Business investment relief allows foreign income or foreign capital gains to be brought to the UK for investment without triggering a remittance.

Investment must be made through either share or loan capital into a limited company engaged in trading, developing or letting property or research and development.

If monies are not invested immediately, they must be invested into a qualifying investment within 45 days of arriving in the UK.  Similar provisions apply with regards to exporting the funds on exit.

The relief can be claimed in conjunction with other reliefs, e.g. EIS.

 

Enterprise Investment Scheme (EIS) is available on investments into new, ordinary shares of unquoted, trading companies.

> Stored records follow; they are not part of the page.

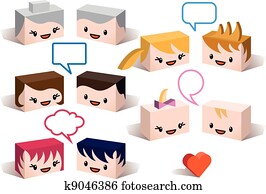 3D family avatars, vector 3D family avatars, vector
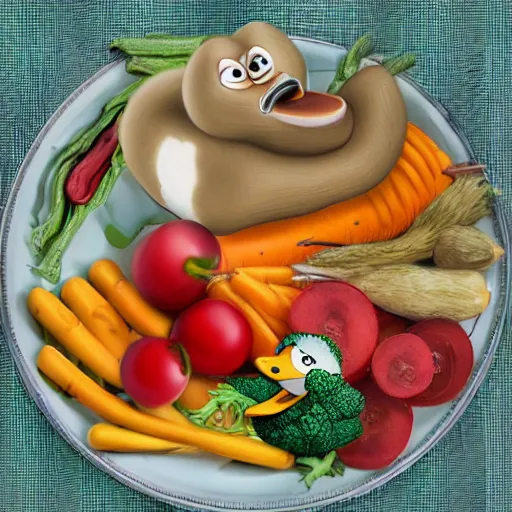 Image similar to beaver and duck, vegetables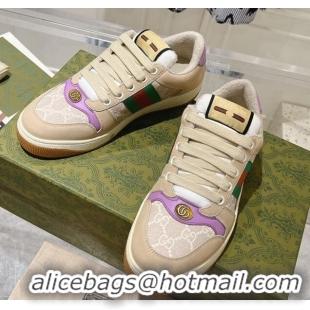 Most Popular Gucci Screener Trainer Sneakers in Beige Suede and GG Canvas with Web Light Purple 1119142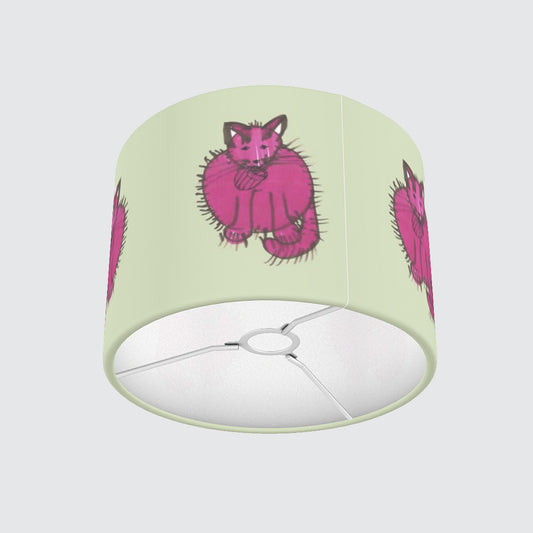 Lampshade 30cm - Purry The Burry - Pink on Green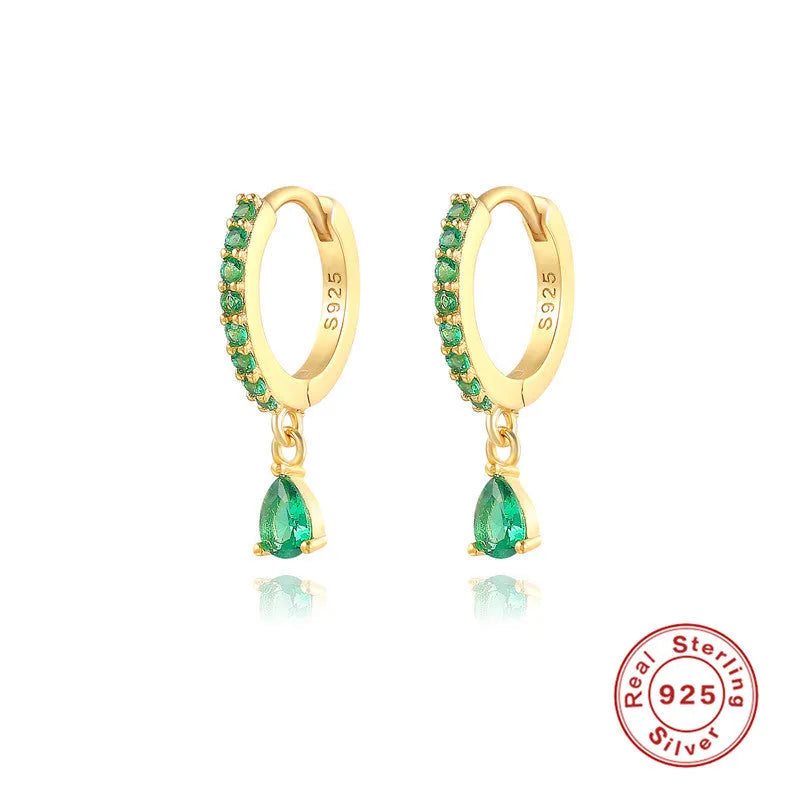 S925 sterling silver geometric water drop earrings with electroplated finish and gemstone accents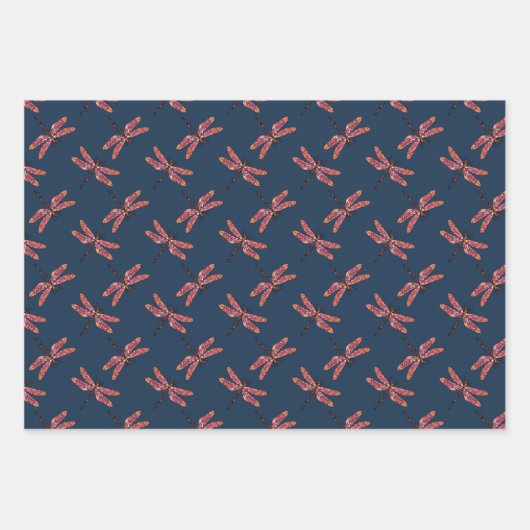 Farbenfrohe Libellenmuster auf dunklem Hintergrund Geschenkpapier Set (Vorderseite)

EIS reliefs include 30% Income Tax Relief, Capital Gains Tax (CGT) deferral on investment and CGT free exit provided the qualifying conditions are met throughout.

The shares must be held for at least three years.

In addition, if the venture fails, loss relief is available.

 

Entrepreneur’s relief has hitherto been available to individuals and trustees who dispose of shares of a trading company or the whole or part of a trading business.

On a disposal of shares, the individual must have held at least 5% of the company’s ordinary share capital and be an officer or employee.  These conditions must have been met for at least 12 months.

Subject to the qualifying conditions, gains are then taxed at 10% (with a lifetime limit of £10 million of capital gains).

In the March 2016 Budget, the Government announced that entrepreneur’s relief will now be available to individuals who subscribe for new shares in qualifying companies after 17 March 2016 and hold the shares for at least three years (but are not officers or employees).

The limit is again £10 million of gains, but this is separate from the allowance for working shareholders.